I don't know if you can tell this in the photo, but the darker areas are actually damp spots in the cardboard box. When the post office man brought it out there were literally fruit glies following it. What is this, hate mail?

I open it up, the scent of rotten everything slaps me across the face. What small piece of hell could she have sent me this time?


Milk?? No, wait, what's this inside the carton?
She's sent canned goods with popcorn as packing material. I could not possible have thought this up in my wildest dreams. She used actual popped corn as packing material. Genius, obviously.

But what in sam hell is that awful smell?


She packed ripe tomatoes around the milk cartons.

That is to say, she packed ripe tomatoes around the milk cartons in a box going through the mail.

This is far and away better than the time she sent shortbread cookies in a regular envelope. They arrived exactly as you might expect: completely disintegrated back into their original ingredients.

However, the three jars of homeade antipasto arrived safe, if a little smelly. There is nothing in the world better than homeade antipasto and I will wade through cardboard boxes soaked in rotten tomatoes for it anyday.

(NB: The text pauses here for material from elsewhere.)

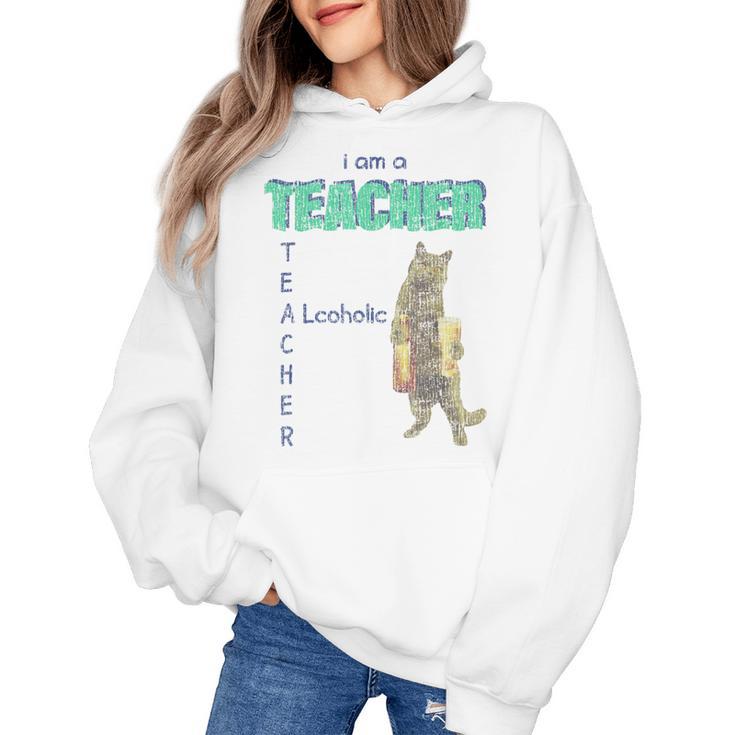 I Am A Teacher Alcoholic Cat Beer Feline Men Women Women's Hoodie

Saturday, September 26, 2009

Mmhmm, yes, interesting.

So I work in a call centre and I'm a housekeeper part time, and I'm thinking about moving to the U.S. because I hear that down there white girls don't do either of those things. I'm not sure on the logistics of how they worked it out or whatever, I think they probably have some sort of deal with the latinos, like you work our minimum wage jobs and we'll eat your tacos. Either way, I am far too white for my current lifestyle.

I recently conducted an experiment in segregated eyebrow reintegration. The results were a technical success, and a moral fail.


My camera sucks, but I swear there are hairs going all the way across.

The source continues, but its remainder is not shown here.